Anthropologists need an entry point into a new culture.  Dunn achieves this by interviewing Max Cavalera the cofounder of Brazil’s Sepultura and frontman for Soulfly and Cavalera Conspiracy.  Cavalera explains that Sepultura emerged in the mid-1980s as Brazil evolved from a military dictatorship to a neoliberal market society.  For many heavy metal fans Sepultura’s album Roots (1996) was their first encounter with an indigenous worldview as the band included field recordings with the Xavante Indians and Brazilian percussion.  Dunn’s interview with Cavalera uses Roots to tacitly bring the anthropological models and theories of Clifford Geertz, David Horowitz, Stanley Tambiah and others to fans who are unfamiliar with these influential scholars.  In contrast to this immersive approach Global Metal ends with a more familiar event: Iron Maiden‘s concert on 1st February 2008 the first time that a major Western heavy metal band has played Mumbia, India.

A second entry point for fans is when Dunn revisits past controversies and debates in heavy metal media to include new voices and perspectives.  Does Slayer‘s song ‘Angel of Death’ about the Nazi doctor Josef Mengele promote Holocaust denial and racism?  Dunn turns to the Israeli band Orphaned Land who note that although the song was written for shock value it has been used by politicians to inform Israeli youth about the Holocaust.  Orphaned Land then talk about Jerusalem as a global city and the past religious conflicts between Judaism, Christianity and Islam.  Far scarier than Middle Ages imagery and occult demons is Orphaned Land’s reality of having to live daily with potential suicide bombers in crowded urban areas.

Dunn returns to this debate throughout Global Metal to show how different individuals and groups reinterpret a meme or symbol and how this can have unforseeable outcomes.  Orphaned Land recount how after playing ‘Angel of Death’ live for Israeli audiences they were sent a mail bomb by Varg Vikernes a notorious Norwegian black metal musician and Holocaust denier.  Iranian fans who are photographed next to Slayer graffiti face possible arrest and torture by religious police – which provokes Slayer’s frontman Tom Araya to comment that the fans seek a death sentence.

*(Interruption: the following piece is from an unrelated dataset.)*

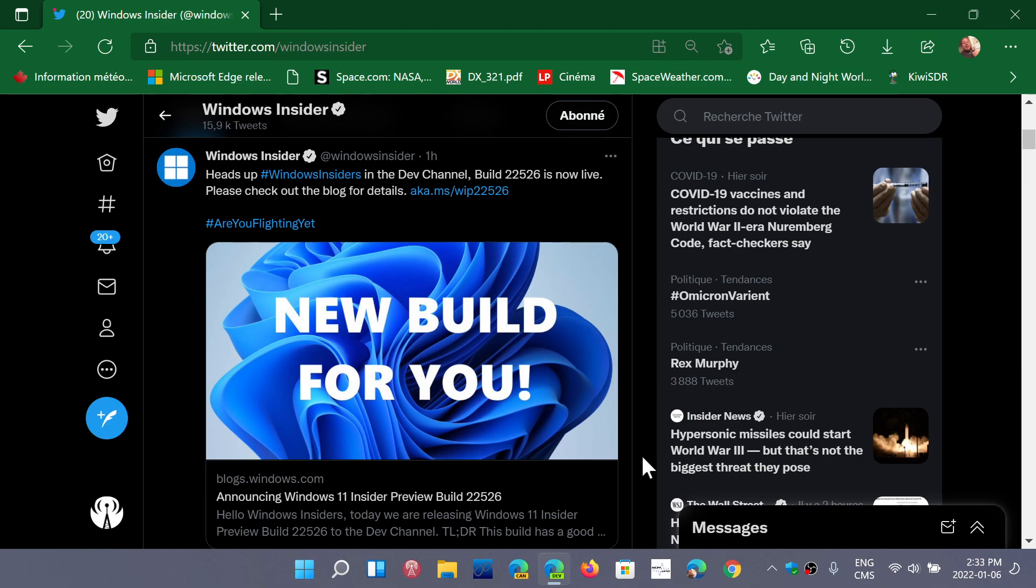This is the first build of the year 2022, today January 6th. It's interesting because this is the year where there's a lot of stuff that's supposed to happen on Windows 11. There are things that are missing that should be there for everyone at some point.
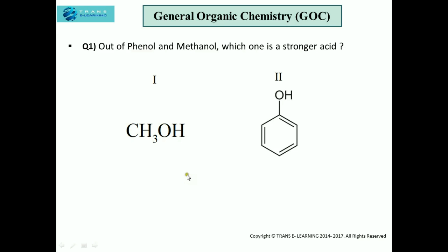Hello everybody, welcome to Transy Learning Chemistry videos. In this video, we'll be explaining the question: out of phenol and methanol, which one is a stronger acid and why.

More disturbingly, Dunn interviews the Indonesian band Tengkorak whose song ‘Jihad Soldiers’ embraces a militant Islamist worldview.  When Tengorak’s lead singer quotes conspiracy theories from The Protocols of the Elders of Zion, Dunn observes his jacket has a crossed out Nazi swastika.  “We’re not against Jews,” the singer explains, “just the Jewish system.”  Dunn then visits a Muslim mosque with another Indonesian musician.  Tengorak’s context is the 1997 Asian currency crisis which sparked a wave of conspiracy theories within Indonesia due to macroeconomic destabilisation.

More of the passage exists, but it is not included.